The COVID-19 pandemic has demonstrated the vulnerability of our food systems to disruptions of supply and distribution chains, closures of markets and the emergence of transboundary pests and diseases. The pandemic has underscored how constrained the agricultural sector remains by the agency limited capital available to it. It also offers investors in the sector an opportunity to redefine how, in what and where they invest.
There are several paths forward to take advantage of the opportunity in front of us and reset food systems.
Agriculture and food systems have the potential to lift millions of people out of poverty. But our current food systems are failing us. We need to transform them, to create decent jobs and provide inclusive and equitable livelihoods. With concerted action, we can reset food systems to make healthy diets affordable to the people who work within food systems and agriculture.
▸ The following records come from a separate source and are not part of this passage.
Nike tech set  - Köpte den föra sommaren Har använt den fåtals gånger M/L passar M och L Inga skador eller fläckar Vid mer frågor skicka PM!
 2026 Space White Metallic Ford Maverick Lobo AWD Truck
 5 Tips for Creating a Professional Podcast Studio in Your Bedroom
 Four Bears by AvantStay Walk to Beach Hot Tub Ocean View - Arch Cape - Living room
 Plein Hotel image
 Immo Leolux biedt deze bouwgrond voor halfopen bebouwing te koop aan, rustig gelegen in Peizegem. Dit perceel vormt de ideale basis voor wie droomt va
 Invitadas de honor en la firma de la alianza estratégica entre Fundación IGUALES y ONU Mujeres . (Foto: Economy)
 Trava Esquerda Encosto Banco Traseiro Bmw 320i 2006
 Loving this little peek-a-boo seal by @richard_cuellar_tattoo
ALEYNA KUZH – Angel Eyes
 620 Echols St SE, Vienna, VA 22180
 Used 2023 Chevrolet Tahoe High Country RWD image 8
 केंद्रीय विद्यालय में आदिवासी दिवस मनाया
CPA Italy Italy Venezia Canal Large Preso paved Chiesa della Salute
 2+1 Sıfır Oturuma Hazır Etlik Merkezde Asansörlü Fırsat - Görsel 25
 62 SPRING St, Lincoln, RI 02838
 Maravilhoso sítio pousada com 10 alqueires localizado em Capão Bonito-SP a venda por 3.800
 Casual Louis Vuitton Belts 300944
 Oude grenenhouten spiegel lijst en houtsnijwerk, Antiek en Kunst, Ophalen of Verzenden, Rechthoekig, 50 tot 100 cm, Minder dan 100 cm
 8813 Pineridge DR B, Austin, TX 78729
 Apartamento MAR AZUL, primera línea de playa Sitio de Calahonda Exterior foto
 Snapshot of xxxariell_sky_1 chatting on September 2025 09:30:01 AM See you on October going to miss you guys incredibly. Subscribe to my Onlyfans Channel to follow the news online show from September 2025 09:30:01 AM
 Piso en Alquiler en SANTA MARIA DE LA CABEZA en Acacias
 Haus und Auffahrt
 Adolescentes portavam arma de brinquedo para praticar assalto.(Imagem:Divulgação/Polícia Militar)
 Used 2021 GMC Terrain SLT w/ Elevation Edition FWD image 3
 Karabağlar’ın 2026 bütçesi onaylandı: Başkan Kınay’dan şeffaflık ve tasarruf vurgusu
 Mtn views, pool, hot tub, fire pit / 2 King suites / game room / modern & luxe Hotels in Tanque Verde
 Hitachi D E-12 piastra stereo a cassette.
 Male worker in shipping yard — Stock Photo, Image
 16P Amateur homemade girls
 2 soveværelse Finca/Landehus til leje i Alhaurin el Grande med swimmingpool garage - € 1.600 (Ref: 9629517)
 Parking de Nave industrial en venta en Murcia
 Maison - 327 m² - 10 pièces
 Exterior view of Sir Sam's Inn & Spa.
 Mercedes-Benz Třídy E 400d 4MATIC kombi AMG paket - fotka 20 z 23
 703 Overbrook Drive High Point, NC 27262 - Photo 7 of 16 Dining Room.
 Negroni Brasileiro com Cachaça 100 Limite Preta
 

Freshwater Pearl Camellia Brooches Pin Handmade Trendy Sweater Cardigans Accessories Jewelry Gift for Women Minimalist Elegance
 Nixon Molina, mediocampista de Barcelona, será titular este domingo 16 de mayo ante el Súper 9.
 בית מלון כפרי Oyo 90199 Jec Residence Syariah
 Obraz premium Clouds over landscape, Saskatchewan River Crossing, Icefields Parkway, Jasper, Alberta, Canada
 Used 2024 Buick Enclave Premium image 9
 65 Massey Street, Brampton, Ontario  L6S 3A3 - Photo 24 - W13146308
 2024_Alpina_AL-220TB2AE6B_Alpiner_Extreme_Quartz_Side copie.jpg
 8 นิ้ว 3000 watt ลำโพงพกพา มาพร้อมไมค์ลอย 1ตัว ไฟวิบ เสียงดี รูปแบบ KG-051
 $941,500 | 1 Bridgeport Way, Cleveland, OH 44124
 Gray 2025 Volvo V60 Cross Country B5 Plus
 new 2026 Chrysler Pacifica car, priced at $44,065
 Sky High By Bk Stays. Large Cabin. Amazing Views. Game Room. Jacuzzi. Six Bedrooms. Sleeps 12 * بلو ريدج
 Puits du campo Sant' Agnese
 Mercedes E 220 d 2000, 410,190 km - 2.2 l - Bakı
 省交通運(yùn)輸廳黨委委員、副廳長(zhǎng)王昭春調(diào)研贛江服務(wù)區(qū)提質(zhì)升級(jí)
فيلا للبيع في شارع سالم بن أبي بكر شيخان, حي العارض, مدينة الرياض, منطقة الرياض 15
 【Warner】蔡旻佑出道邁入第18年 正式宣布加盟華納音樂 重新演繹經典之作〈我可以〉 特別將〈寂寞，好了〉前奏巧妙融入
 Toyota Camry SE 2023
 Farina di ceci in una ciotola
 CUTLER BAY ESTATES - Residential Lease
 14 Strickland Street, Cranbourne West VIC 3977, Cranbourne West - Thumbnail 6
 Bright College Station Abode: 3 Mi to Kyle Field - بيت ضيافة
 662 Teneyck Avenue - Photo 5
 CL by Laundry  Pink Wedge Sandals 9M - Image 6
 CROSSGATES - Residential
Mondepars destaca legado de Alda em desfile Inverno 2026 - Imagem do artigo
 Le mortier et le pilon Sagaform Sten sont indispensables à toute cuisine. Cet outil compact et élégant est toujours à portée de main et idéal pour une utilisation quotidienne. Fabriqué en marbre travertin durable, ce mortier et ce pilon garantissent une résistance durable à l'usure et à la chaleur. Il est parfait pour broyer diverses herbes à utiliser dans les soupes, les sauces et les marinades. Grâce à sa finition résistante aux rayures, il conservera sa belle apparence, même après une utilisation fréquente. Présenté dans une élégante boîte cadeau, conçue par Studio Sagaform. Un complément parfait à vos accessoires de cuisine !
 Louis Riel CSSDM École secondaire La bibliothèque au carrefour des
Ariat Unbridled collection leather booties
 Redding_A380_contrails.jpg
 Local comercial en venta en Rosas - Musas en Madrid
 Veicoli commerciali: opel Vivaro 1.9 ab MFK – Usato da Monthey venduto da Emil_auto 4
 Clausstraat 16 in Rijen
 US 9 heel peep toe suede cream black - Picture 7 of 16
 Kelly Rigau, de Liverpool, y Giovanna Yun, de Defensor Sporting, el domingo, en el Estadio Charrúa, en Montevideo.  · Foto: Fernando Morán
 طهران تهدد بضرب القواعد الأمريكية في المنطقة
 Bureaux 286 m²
To achieve this, the upcoming United Nations Food Systems Summit and COP26 need to define game-changing solutions that are action-oriented and that enable us to produce food within planetary boundaries. For Africa, we need to localise food systems and rebalance agency in them, putting the voices of small-scale farmers at the heart of the transformation and regoverning markets to ensure decent jobs in readiness for the Africa Continental Free Trade Area.
About the author
Sara Mbago-Bhunu is the Director of the Eastern and Southern Africa Division of the International Fund for Agricultural Development (IFAD). Mbago-Bhunu holds a Masters in Business Administration from Maastricht School of Management, Netherlands, and a BSc in Agricultural Economics from the University of Reading, United Kingdom.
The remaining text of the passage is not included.